A NEW REFRESHING AND MOVING PASSION PERFORMANCE.
ALWAYS THE THINKER WAS J.S.B.! Bach (1685-1750)when planning his first Passion had no model, and the defects of formal structure in the St.John Passion are obvious. Their effect is negligible against the greatness of the music in all other respects. Since the first century, the reading of the story of Christ's Passion have been the central part of the liturgy of Holy Week, and therefore it is no surprise that the passion gradually evolved into a distinct musical genre. The outstanding and musical artistic achievement of Bach in his passions is that the biblical text remains at the heart of what is expressed in each work. Another notable feature is the large number of chorales by comparison with contemporary passions.

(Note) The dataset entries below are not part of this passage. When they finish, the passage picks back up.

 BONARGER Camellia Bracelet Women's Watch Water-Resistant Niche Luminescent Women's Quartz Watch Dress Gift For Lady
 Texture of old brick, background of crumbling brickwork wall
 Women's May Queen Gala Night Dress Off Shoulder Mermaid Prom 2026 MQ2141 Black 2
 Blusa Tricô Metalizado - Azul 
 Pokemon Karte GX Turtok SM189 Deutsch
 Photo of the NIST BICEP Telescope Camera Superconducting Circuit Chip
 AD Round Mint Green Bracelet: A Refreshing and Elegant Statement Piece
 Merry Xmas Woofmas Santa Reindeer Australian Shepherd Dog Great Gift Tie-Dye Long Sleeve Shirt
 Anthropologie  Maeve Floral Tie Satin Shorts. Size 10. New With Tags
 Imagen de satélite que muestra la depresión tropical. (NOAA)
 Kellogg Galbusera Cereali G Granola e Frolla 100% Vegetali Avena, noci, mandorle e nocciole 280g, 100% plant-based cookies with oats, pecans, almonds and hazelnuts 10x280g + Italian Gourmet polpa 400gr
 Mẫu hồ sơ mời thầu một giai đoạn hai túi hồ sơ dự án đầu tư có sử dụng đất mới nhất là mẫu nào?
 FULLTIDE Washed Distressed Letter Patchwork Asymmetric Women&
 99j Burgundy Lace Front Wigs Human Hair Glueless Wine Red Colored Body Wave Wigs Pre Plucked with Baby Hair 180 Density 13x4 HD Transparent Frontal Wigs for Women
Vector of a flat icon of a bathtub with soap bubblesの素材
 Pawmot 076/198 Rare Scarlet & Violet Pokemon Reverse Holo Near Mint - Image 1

Although the two passions by Bach belong to the same tradition, there are important differences between them. Compared to the St. Matthew Passion, with its numerous lyrical arias and ariosos and its integrated tonal scheme, the St. John Passion is more dramatic with its trial scenes, and in some respects more audacious!
Franz Bruggen is a long-time master of Baroque performance as is shown here with his perfectly judged tempos, his dynamic choral movements, rich textural detail and overall sense of balance between orchestra and chorus. Moreover, he is fully aware of the spiritual power and interpretive potential of this great composition. One of the many delights coming from his distinquished career has been the vast understanding that he brings to the music of Bach. This was first brought to my attention when I purchased Bruggen's 1989 recording of the B minor mass; I experienced such joy that I could not refrain from listening to it for days on end. (It's still available!) Bruggen's cultured feeling for Bach's musical structures as much as for style and expressive content allows for a textural clarity not obvious in his directing colleagues.
The soloists comprise a group of both distinquished and rising talents, all of whom performed skillfully, if not always inspirationally. In singing Bach one cannot gainsay experience and I believe that on this recording this was evident, though in a small way, and certainly did not detract from the excellence of the entire performance. The two singers that were very comfortable and definitely sang Bach with assurance and elegance were Michael Chance(countertenor) and Peter Kooij(bass). They delivered their arias with emotional intensity, wrapping themselves around the Bach phrases like they were born to it, but in fact have been singing Bach for many years.
The Orchestra of the 18th Century are all specialists in that era, and play on period instruments or contemporary copies. Their performance on this disc is beyond reproach and indeed shows a deep understanding of how the music of Bach should be played. The Cappella Amsterdam sings with dramatic intensity, and a buoyant sound. The parts were well-balanced, the interpretation beautifully rendered and diction clear and precise.
With all the St.John Passions available (I counted 35 and then stopped counting.),the listener must determine what they enjoy. This recording is new and refreshing, recorded in Rotterdam from the two 'live' performances in April, 2010. I chose it because of my past recordings of Bruggen at the helm, AND because two of my favorite Bach singers (mentioned previously) are on it. BUT it's really your call!